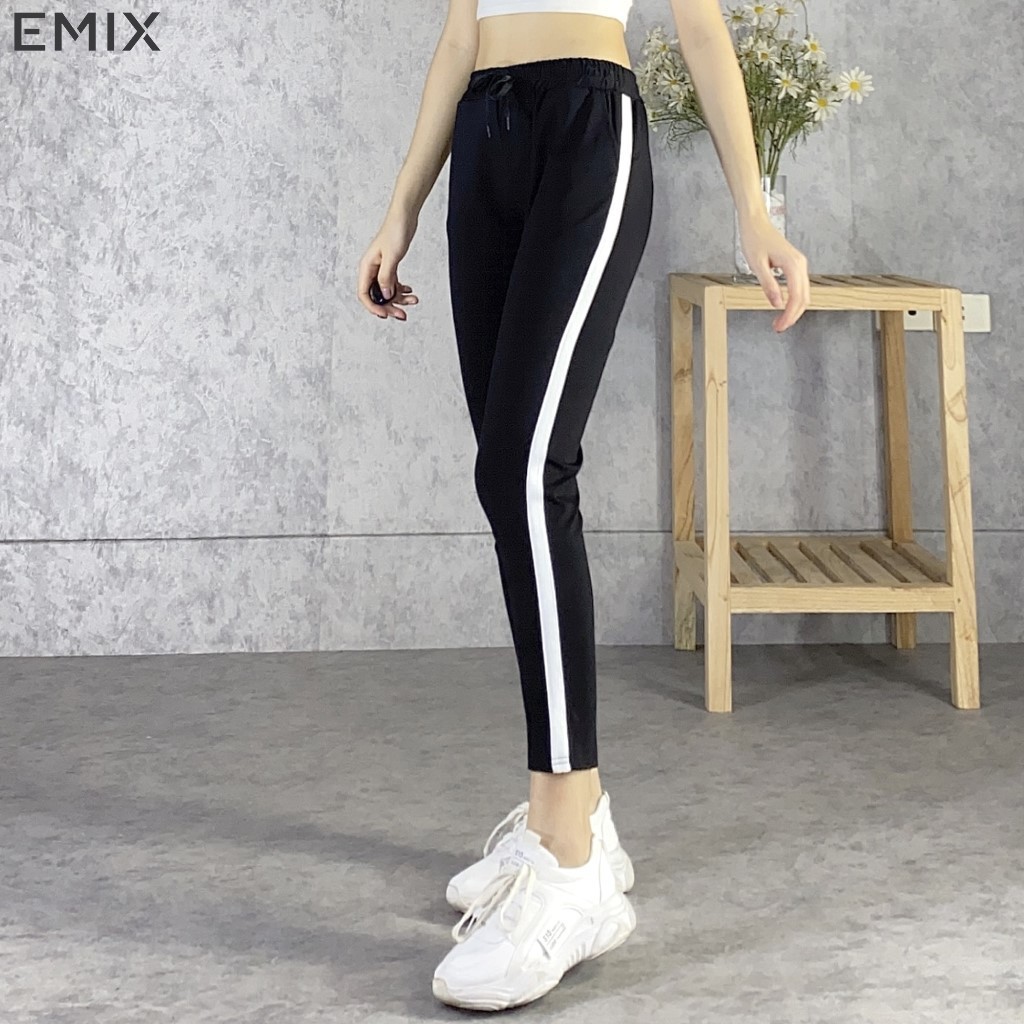 Quần thể thao nữ 1 sọc  trắng EMIX (màu đen), cạp chun thoải mái, chất umi co giãn tốt, cá tính, trẻ trung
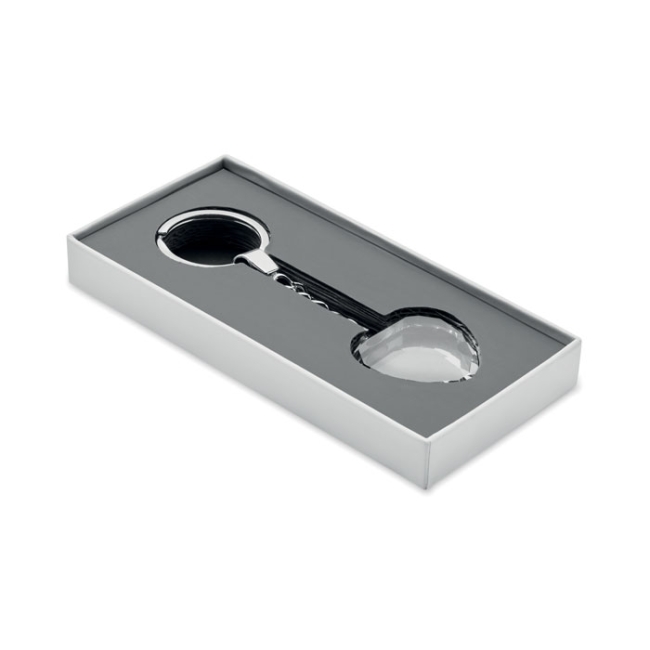 Glass heart award key ring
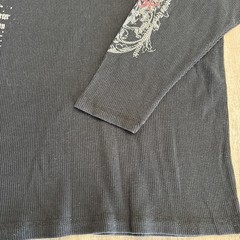 Avirex Shirt Mens 2XL Black Thermal Waffle Knit Graphic Skull Cross Y2K Skate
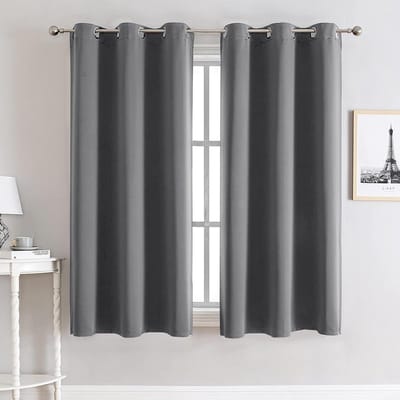 Charcoal Blackout Curtains for Bedroom, Super Soft Solid Thermal Insulated Eyelet Blackout Curtains for Living Room W54 x L 54 Inch 2 Panels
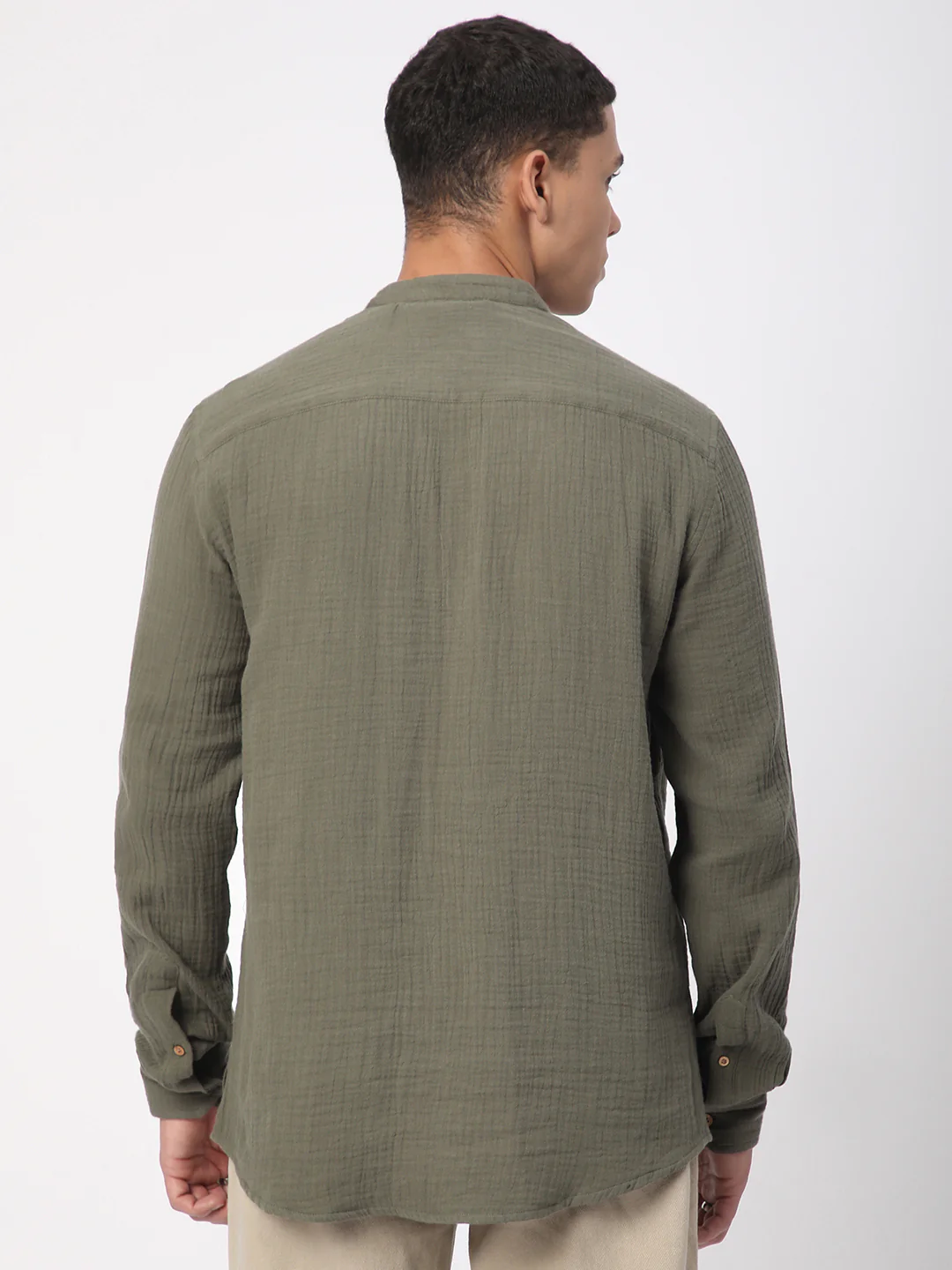 Olive Double Cloth Crinkled Kurta - Image 6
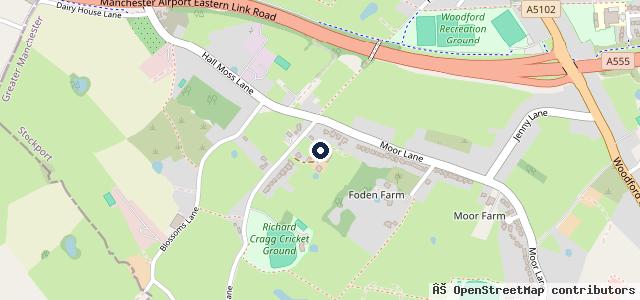 Map showing the location of Church Lane Garage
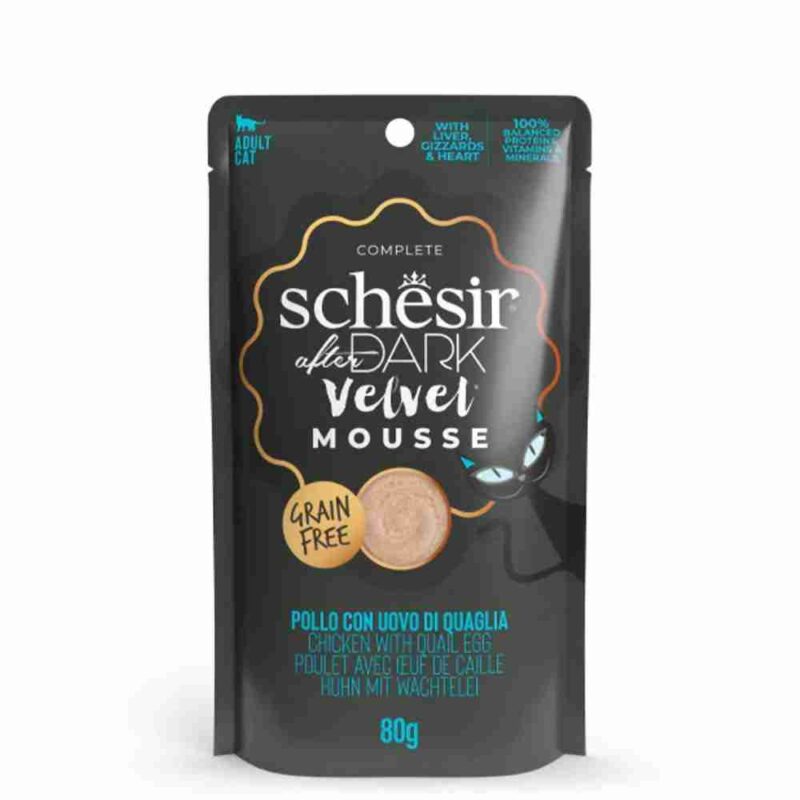 Schesir After Dark Velvet Mousse For Cat - Chicken With Quile Egg, 80g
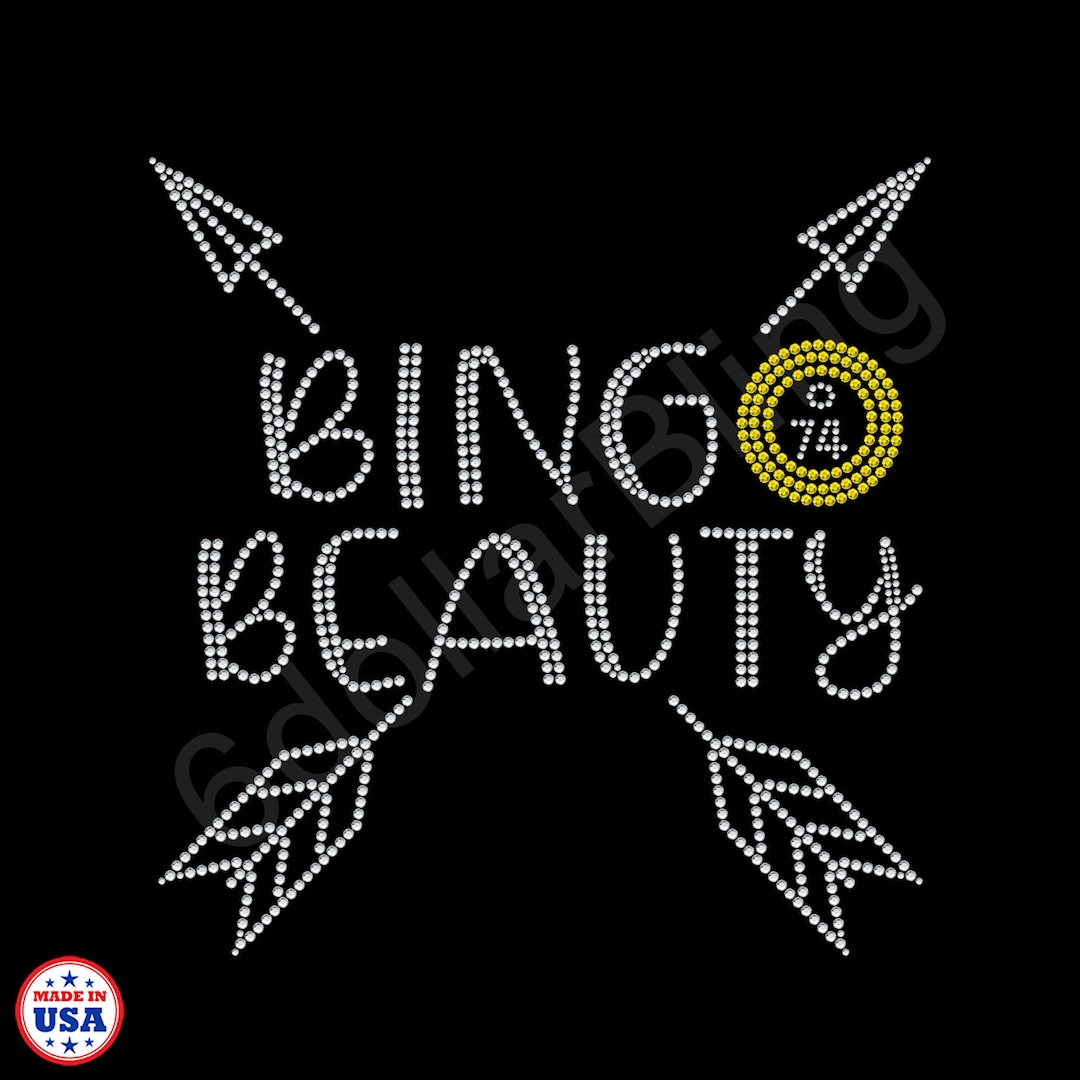 Bingo Beauty Rhinestone Iron-on Crystal Bling Hotfix Sparkle Transfer ...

What is being asked – Your task is to reproduce exactly the lines from the one that holds "Schesir After Dark" to the last line of the listing, and only those, omitting the pictures.

Answer box –
 Schesir After Dark Velvet Mousse For Cat - Chicken With Quile Egg, 80g
 Bingo Beauty Rhinestone Iron-on Crystal Bling Hotfix Sparkle Transfer ...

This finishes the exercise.